This is context injection. You’re not asking the model to recall something. You’re placing the relevant information in front of it.
Common patterns:
Document injection:
Here is the relevant section of the codebase:
<file path="src/api/users.ts">
[file contents]
</file>
Now review this PR diff:
[diff]
State injection:
Current project state:
- Sprint: 14
- Open blockers: 2 (see below)
- Last deployment: 2026-05-07
[blocker details]
Given this context, what should we prioritize this week?
History injection:
Previous decisions:
- 2026-04-20: Decided to use Postgres over MongoDB for relational consistency
- 2026-04-28: Deferred auth to Clerk, not building in-house
Given these constraints, evaluate the following architecture proposal:
Well-structured context injection is what separates mediocre AI output from genuinely useful output. The model isn’t magic — it needs the right information.
Few-Shot Patterns
One of the most reliable ways to improve output quality is to show the model examples of what you want. This is called few-shot prompting.
Instead of describing the desired output format, you demonstrate it.
Zero-shot (no examples):
Extract the action items from this meeting transcript.
Few-shot (with examples):
Extract the action items from this meeting transcript.
Here is an example of the format I want:
Input: "Sam to follow up with the client by Friday. The team will review the proposal next Tuesday."
Output:
- [ ] Sam: Follow up with client — due Friday
- [ ] Team: Review proposal — due next Tuesday
Now extract from this transcript:
[transcript]
The few-shot version produces structured, consistent output because the model has a concrete template to follow. For anything where format matters — reports, structured data, code generation — always provide examples.
Chain-of-Thought
For reasoning tasks — analysis, diagnosis, multi-step problem solving — instructing the model to reason step by step before arriving at an answer dramatically improves accuracy.
Without chain-of-thought:
Is this business model viable? [description]
With chain-of-thought:
Evaluate whether this business model is viable.

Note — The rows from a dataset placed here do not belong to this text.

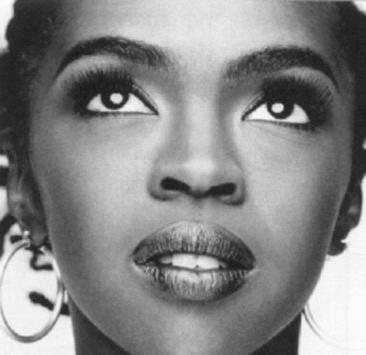 Lauryn Hill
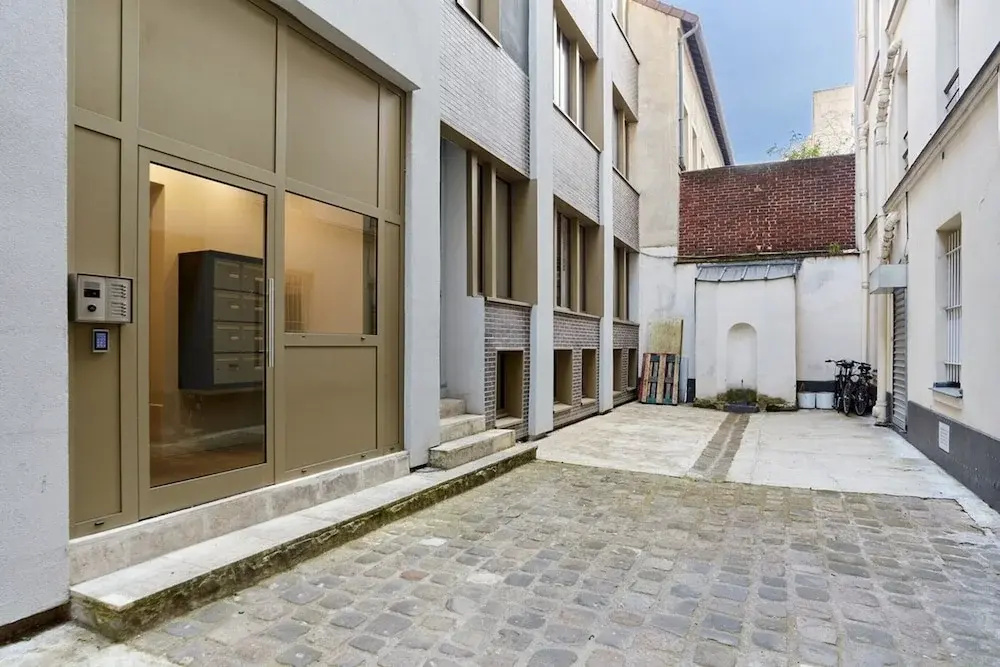 Superbe Apartment Center of Paris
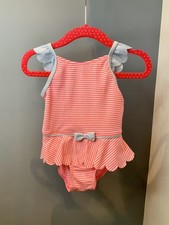 MatalanBaby girl swimsuit 3-6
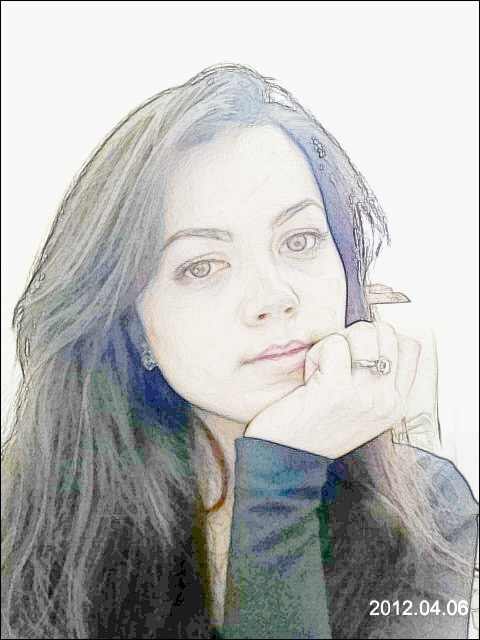 Madina Kalinina | Санкт-Петербург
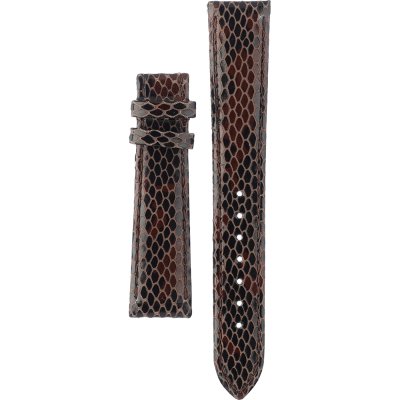 Bracelet Certina Straps C610016964 Ds Podium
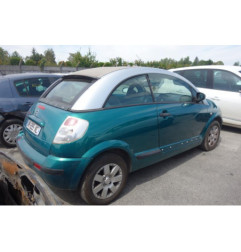 Levier frein à main CITROEN C3 PLURIEL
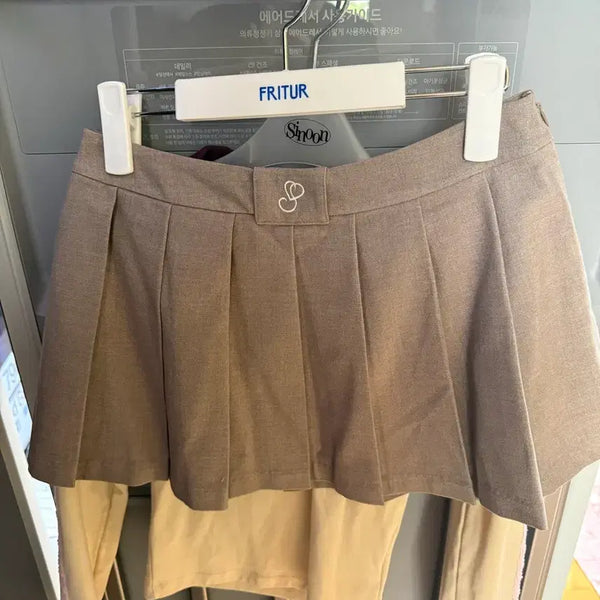 [BUNJANG] Seokookie Skirt / 서쿠키 스커트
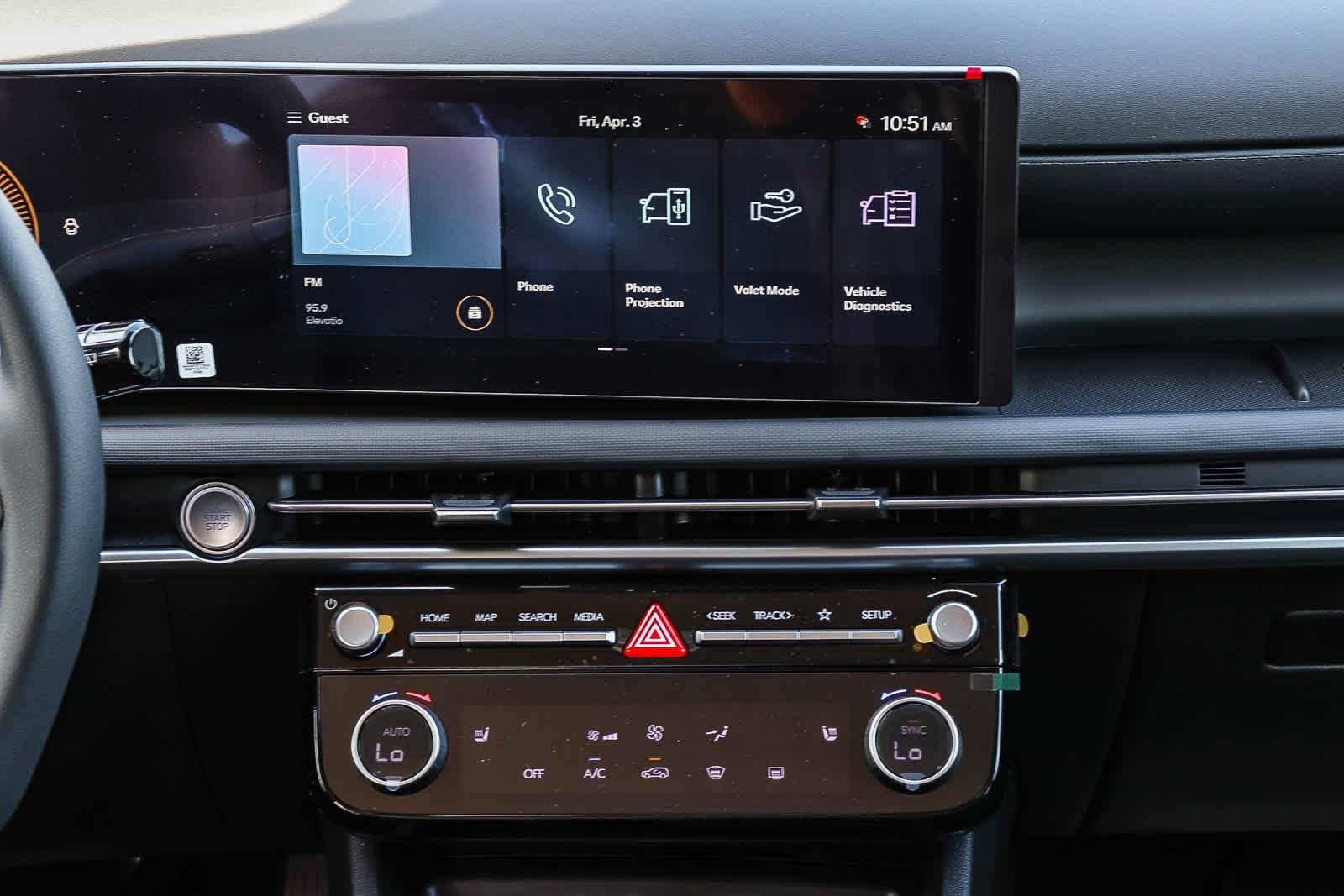 Thumbnail: 2026 Hyundai Tucson - 13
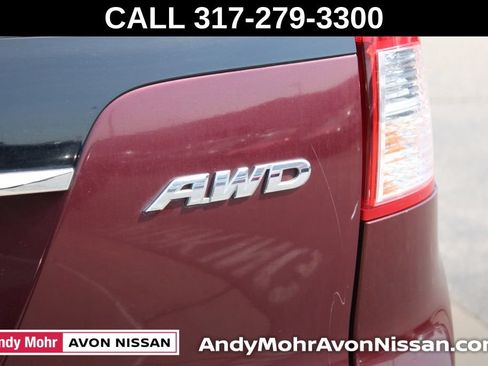 Used 2012 Honda CR-V EX-L image 9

Think through this step by step:
1. What is the core value proposition?
2. Who is the customer and what is their willingness to pay?
3. What are the unit economics at scale?
4. What are the three biggest risks?
5. Based on the above, what is your overall assessment?
Why does this work? Because the model’s output at each step becomes part of the context for the next step. You’re effectively forcing the model to build a chain of intermediate reasoning before reaching a conclusion, rather than pattern-matching directly to a plausible-sounding answer.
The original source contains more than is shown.